Shultz recognizes that in times like these, many of us are a few steps away from big uncertainties. Some are already there. The fear and alarm spreading through communities both large and small can make people feel isolated and backed into a corner.
As a caterer, Schultz knows how effective a good meal can be in breaking down some of those walls. Meeting around a table with nothing more in common than appreciating the food goes a long way toward restoring the soul.
The idea for a community meal came to Shultz from a Grimm Brothers fairy tale called Stone Soup. In the tale, some hungry travelers enter a town but find the town folk unwilling to share. The travelers bring out a pot, fill it with water, add a stone, and invite the town folk to join them as they prepare "stone soup."

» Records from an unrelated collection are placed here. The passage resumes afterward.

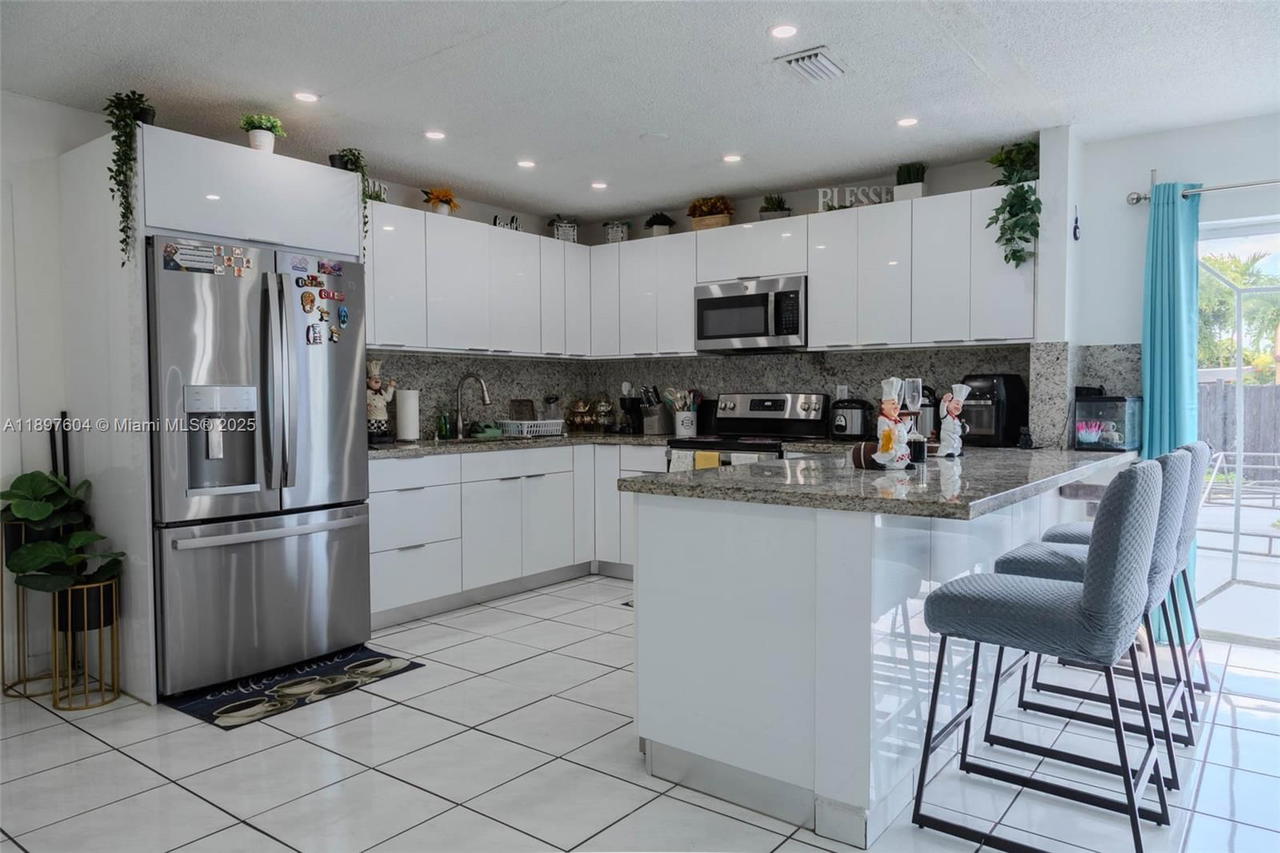 Real estate property located at 13337 3rd Ln, Miami-dade, Superior Homes Sec 3, Miami, FL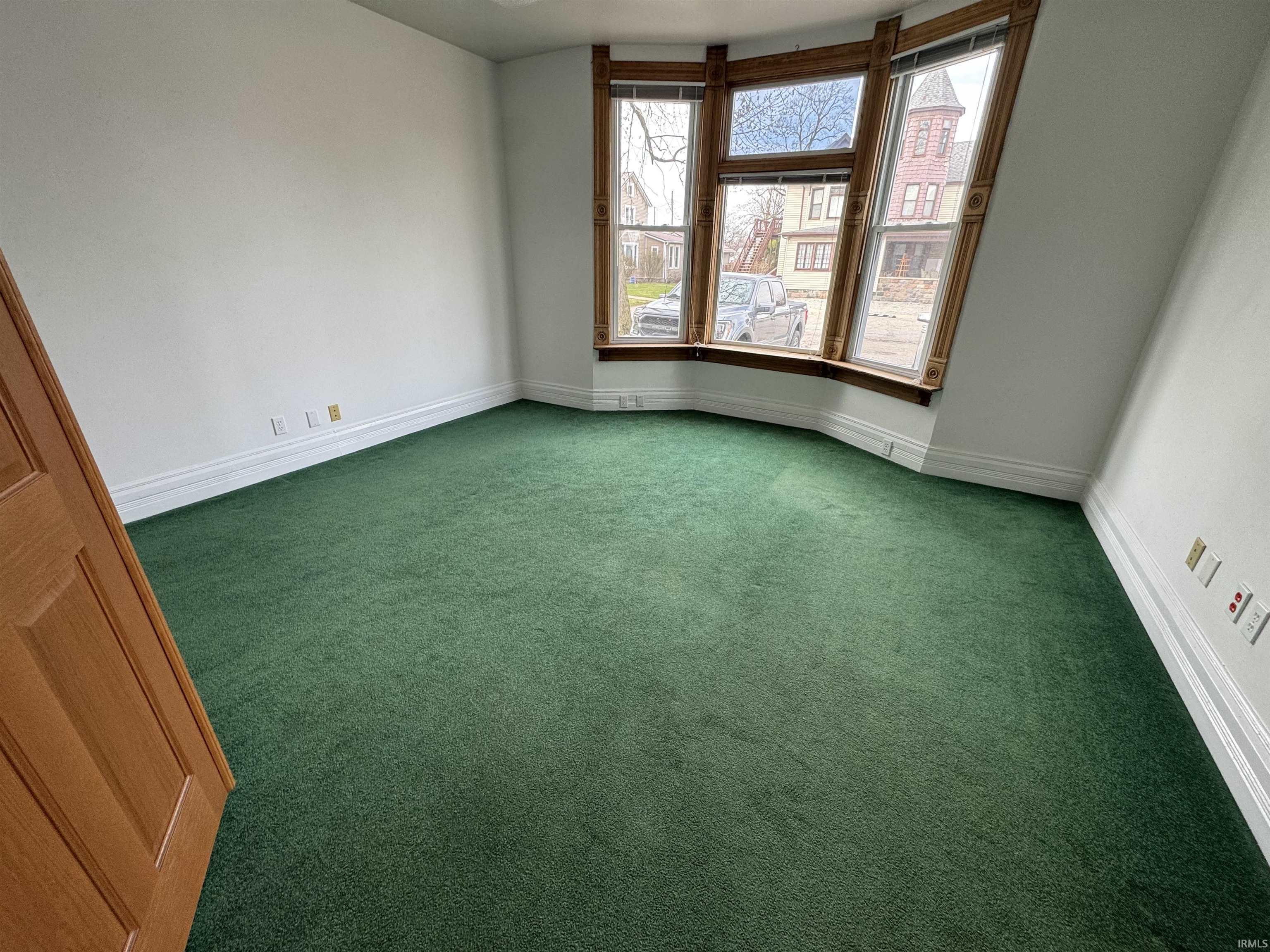 302 E Winona Avenue Warsaw IN 46580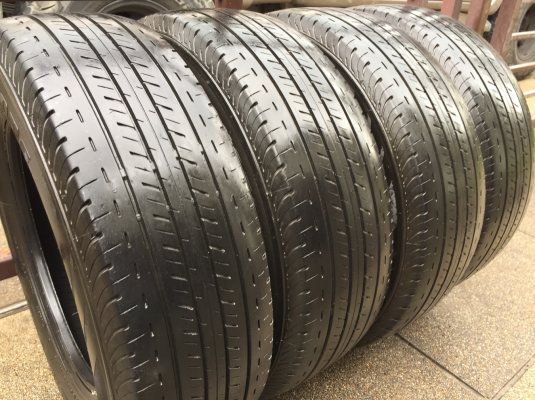 ยาง Bridgestone 215 65 16 ปี16 ดอกเต็ม ไม่มีปะ ใช้ยาว ราคาไม่แพง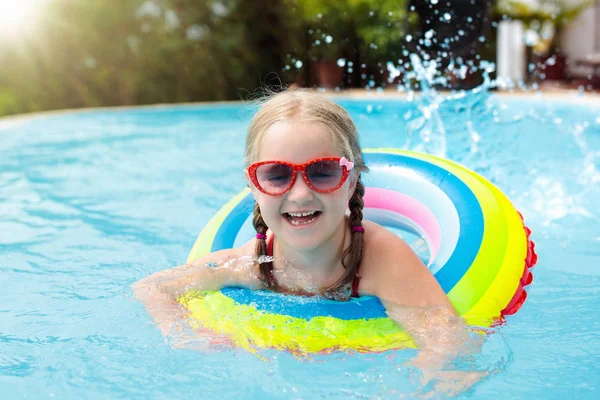Kind in zwembad. Kinderen zwemmen. Water spelen. — Stockfoto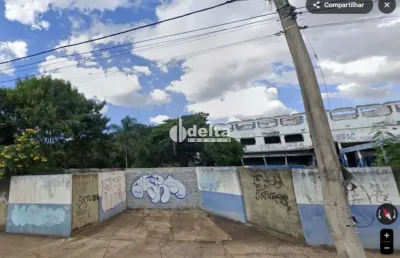 Área disponível para venda no bairro osvaldo rezende em uberlândia-mg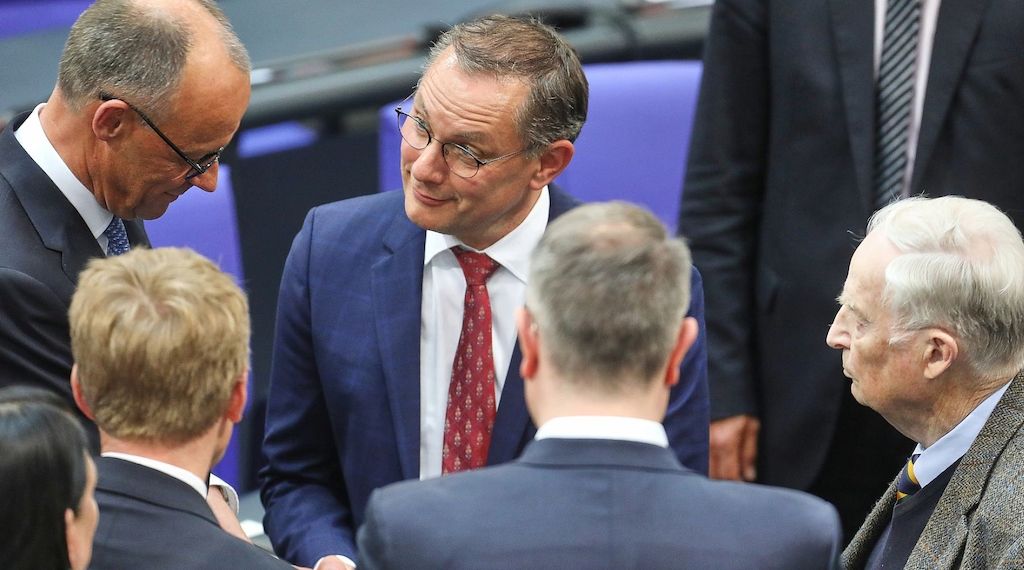 Infratest: Union in der Sonntagsfrage wieder knapp vor AfD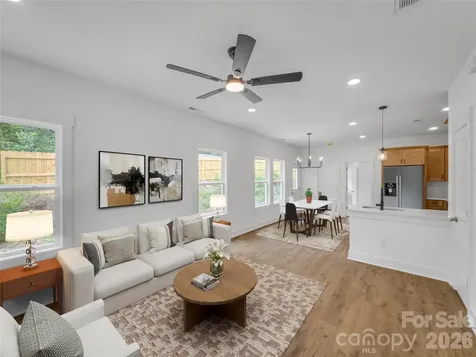 829 E Arch Street Lancaster SC 29720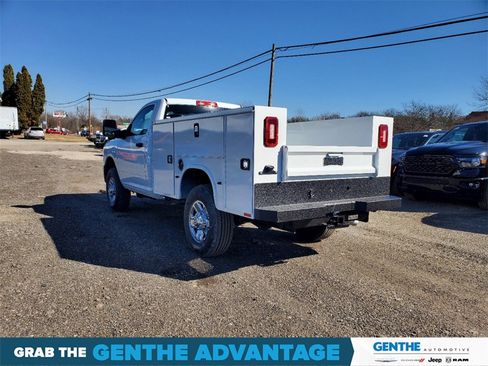 New 2024 RAM 2500 Tradesman w/ Chrome Appearance Group image 3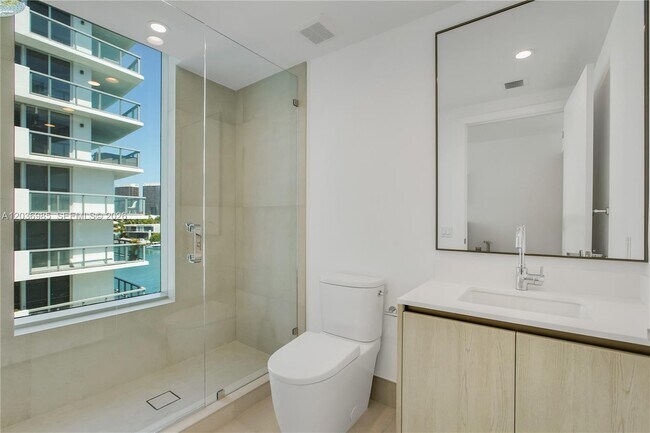 Building Photo - 9221 E Bay Harbor Dr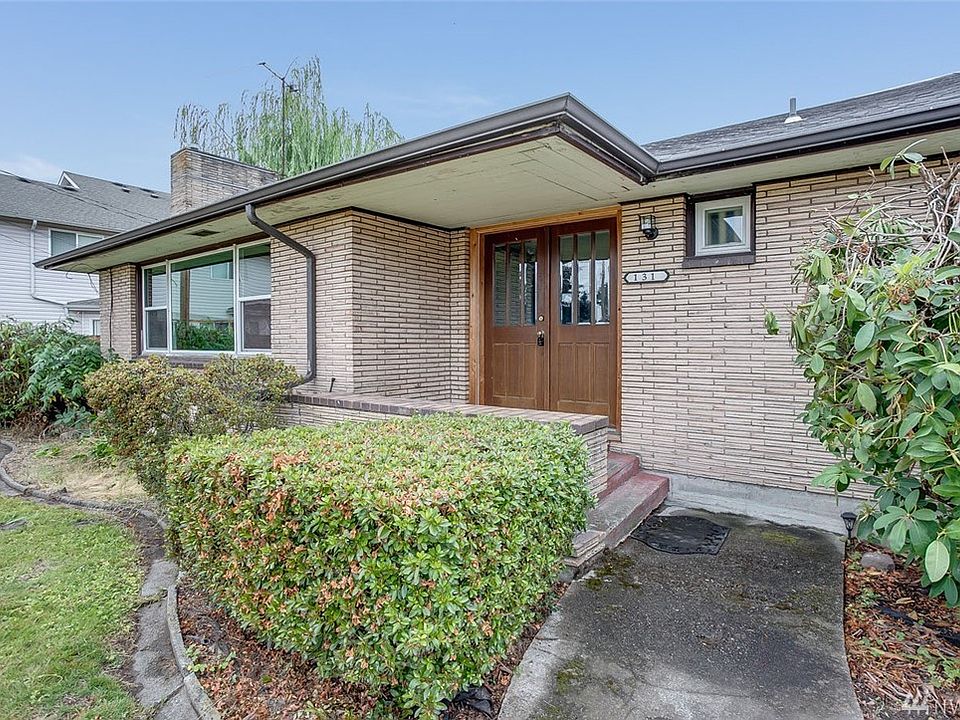 1st image of 131 21st St SE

Their curiosity piqued, the town folk gather around. The travelers taste their concoction, telling the town folk, "It's nearly ready, but it needs an onion. Does any one have one to put in?" Someone goes home and finds an onion and into the pot it goes. "Hmm," say the travelers. "It really needs a carrot to be just right." So someone finds a carrot. And so it goes, that each needed ingredient is somehow found and shared, and in the end the entire town, and the travelers, enjoy a delicious repast of nourishing soup.
The moral of the story is that nothing is revealed to be something after all. The original stone was only a pretext to start the villagers sharing in a way they would not have considered had they not had the catalyst of the "stone soup" they thought they were improving.
In the same way, people meeting around a table while they are dealing with unemployment or home foreclosure, facing a bleak future, may find the missing ingredient in the people they share the meal with. It takes a brave person to turn up to an evening like this alone, so if you know someone who would like to partake, invite them and go together.
Schultz's hope is that table talk will result in renewed hope and opportunities. She's also hopeful that the larger community will step up.
"I'm hoping that maybe restaurants in town may help." Donations of food and service are also welcome. "We can use people to help cook, serve and clean up," she said.
Musicians adept at acoustic playing will find an appreciative audience.
The menu for the April 20 meal is pork loin, rice pilaf, vegetables and Texas sheet cake. "It's Just Dinner" starts at 5:30 p.m.